NEW YORK — Alex Rodriguez was dealt the most severe punishment in the history of baseball's drug agreement when an arbitrator ruled the New York Yankees third baseman is suspended for the entire 2014 season as a result of a drug investigation by Major League Baseball.
The decision by arbitrator Fredric Horowitz, announced Saturday, cut the suspension issued Aug. 5 by baseball Commissioner Bud Selig from 211 games to this year's entire 162-game regular-season schedule plus any postseason games. The three-time American League Most Valuable Player will lose just over $22 million of his $25 million salary.
Rodriguez vowed to continue his fight in federal court to reverse the decision.
"It's virtually impossible. The arbitration will stand. I think it's almost inconceivable that a federal court would overturn it," said former baseball Commissioner Fay Vincent, a graduate of Yale Law School. "The arbitration is itself an appeal from the commissioner's judgment. How many appeals do you go?"

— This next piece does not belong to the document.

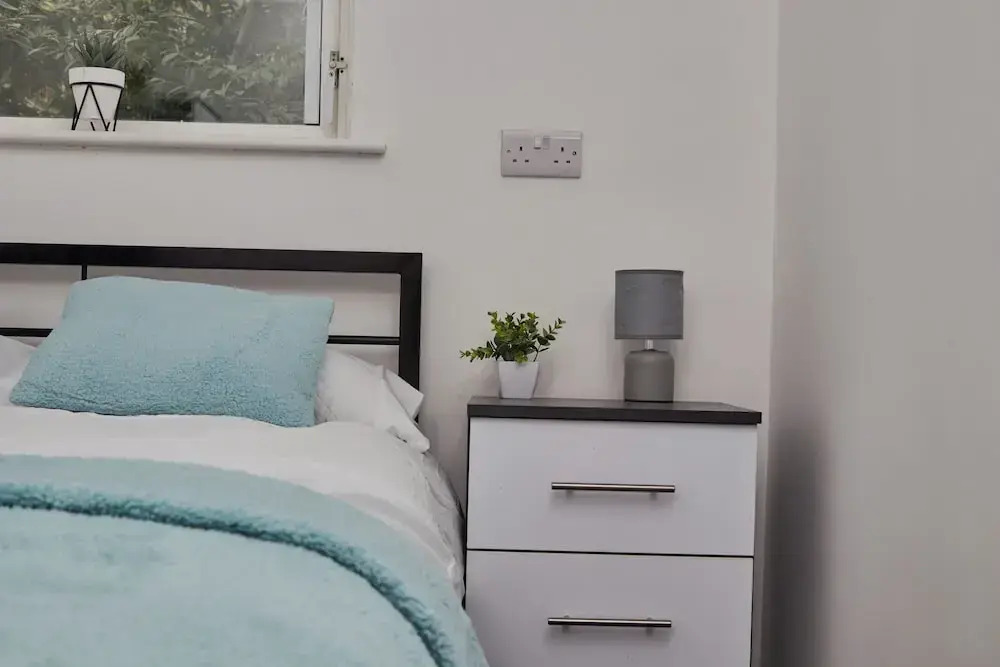4 Bedroom, Free Parking, Contractors & Families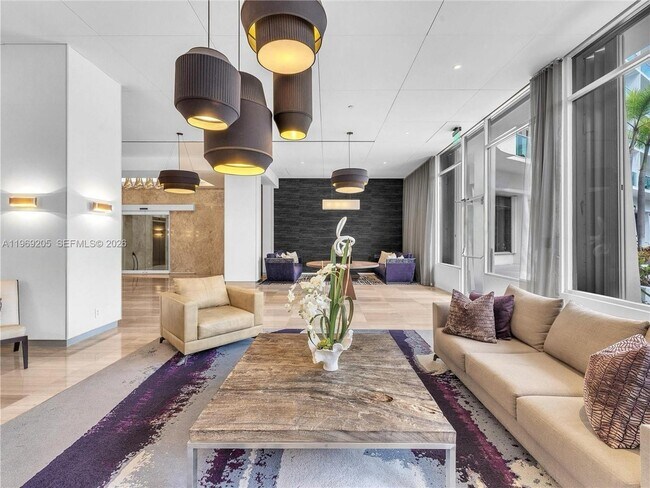 Building Photo - 100 Bayview Dr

Rodriguez is the most high-profile player ensnared by baseball's drug rules, which were first agreed to in 2002 as management and union attempted to combat the use of steroids and other performance-enhancing drugs. In sustaining more than three-quarters of Selig's initial penalty, Horowitz's decision will be widely viewed as a victory for the 79-year-old Selig, who has ruled baseball since 1992 and says he intends to retire in January 2015.
A 14-time All-Star, Rodriguez has been baseball's highest-paid player under a $275 million, 10-year contract. He has spent parts of the last six seasons on the disabled list and will be 39 years old when he is eligible to return to the field in 2015. He is signed with the Yankees through the 2017 season.